US Dollar dips again, on course for worst quarter in five years
31/Mar/2016 • Currency Updates•
The US Dollar remained under pressure on Wednesday, depreciating against both the Euro and Sterling following comments from Federal Reserve Chair Janet Yellen, which pushed back expectations for the US central bank’s next interest rate hike.
Comments from fellow Fed member Charles Evans yesterday provided little relief for the Greenback. Evans, a historically dovish member of committee, claimed that an April Fed hike was a ‘high hurdle’, although the central bank could move in June if the labour market continues to improve.
The decline in USD came despite more encouraging economic data from the labour market, which showed the US economy added 200,000 public sector jobs in March. This bodes well for Friday’s crucial nonfarm payroll announcement.
Emerging market currencies benefited from a general weakness in the US Dollar. The South African Rand, in particular, strengthened as much as 2% at one stage, ending the London trading session as the best performing currency in the world.
Today bodes to be a busy day in the currency markets, with a number of potential market moving announcements. This morning, Governor of the Bank of England Mark Carney will be speaking in Tokyo, with investors looking for any mention of UK monetary policy. UK businesses should be aware of potential GBP/EUR and GBP/USD movement.
Eurozone inflation figures this morning will be closely watched. However, a significant disappointment would be required to convince the European Central Bank to ease monetary policy further, following its large scale measures announced earlier in the month. Headline consumer price growth is expected to tick upwards, although remain in negative territory at -0.1%.
It remains to be seen whether the ECB have exhausted their options on monetary policy. Some ECB members have been noting that any further changes, via a reduction in base rates or increased quantitative easing, will have little impact on the real economy or weaken the Euro to increase competitiveness.

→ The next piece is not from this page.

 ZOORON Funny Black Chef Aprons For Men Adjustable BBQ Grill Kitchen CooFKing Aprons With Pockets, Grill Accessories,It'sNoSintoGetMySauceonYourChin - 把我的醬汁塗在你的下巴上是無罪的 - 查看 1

Major currencies in detail:
Sterling hit a nine-day high early in the day on Wednesday but a late decline tempered gains, leaving the Pound just 0.1% higher against the US Dollar.
Economic announcements out of the UK were few and far between yesterday, with the currency mostly driven by external factors.

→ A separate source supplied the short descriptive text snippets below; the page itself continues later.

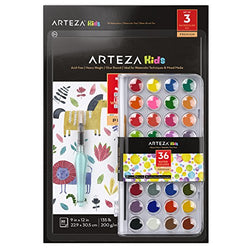 Arteza Kids Watercolor Kit, Set of 36 Vibrant Color Cakes, 1 Water Brush Pen and 1 Watercolor Pad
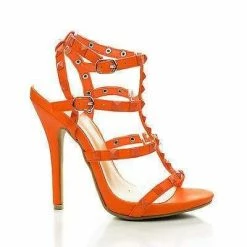 Bridget74 By Wild Diva, Pyramid Studded Caged Open Toe Stiletto Sandals New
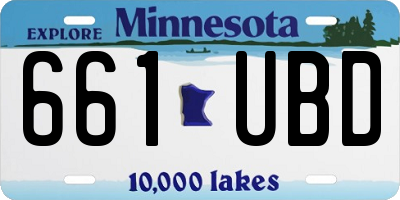 MN license plate 661UBD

Concerns regarding a Brexit continue to dominate the Pound. Yesterday a former Cabinet Secretary warned that an exit from the EU at this summer’s referendum would take far longer than many are anticipating and could take up to ten years.
Revised UK growth figures this morning are unlikely to rock the boat and are expected to remain unchanged at 1.9% on an annualised basis. Attention instead will be on Mark Carney this evening and the monthly manufacturing PMI on Friday will also be a focus this week.
The Euro gained against both the Pound and the US Dollar yesterday, finishing 0.2% higher against the latter.
German inflation figures on Wednesday afternoon suggested that inflation in the Euro-area could surprise expectations this week. Consumer prices in Europe’s largest economy grew by 0.3% in the year to March, higher than forecast and greater than the flat reading recorded a month previous.
Earlier in the day, ECB member Benoit Coeure spoke in Frankfurt, claiming that negative rates in the Eurozone were not the Governing Council’s main policy instrument. Coeure also suggested that volatility between the Euro and Sterling could prove more worrisome for the Eurozone than that of EUR/USD.
Eurozone inflation figures this morning will be the highlight today, although the ECB’s meeting accounts just after midday could also prove to be a market mover.
The Dollar index declined again on Wednesday, falling by 0.15% amid delayed expectations for the next Fed interest rate hike. The Greenback is now on course for its worst quarter in five years, having fallen by 5% since the beginning of February alone.
Speaking on CNBC, Fed member Evans reiterated comments from Yellen, claiming increased global risks and low inflation make it unlikely that the Fed will hike rates in April. Evans did, however, claim he expects two rate hikes in the US this year, as is our expectation.
Economic data in the US today is relatively light on the ground, with the USD likely to be dictated by announcements elsewhere.
The main event in the US this week will be Friday’s labour report. Job creation is expected to exceed the 200,000 level for the sixth straight month.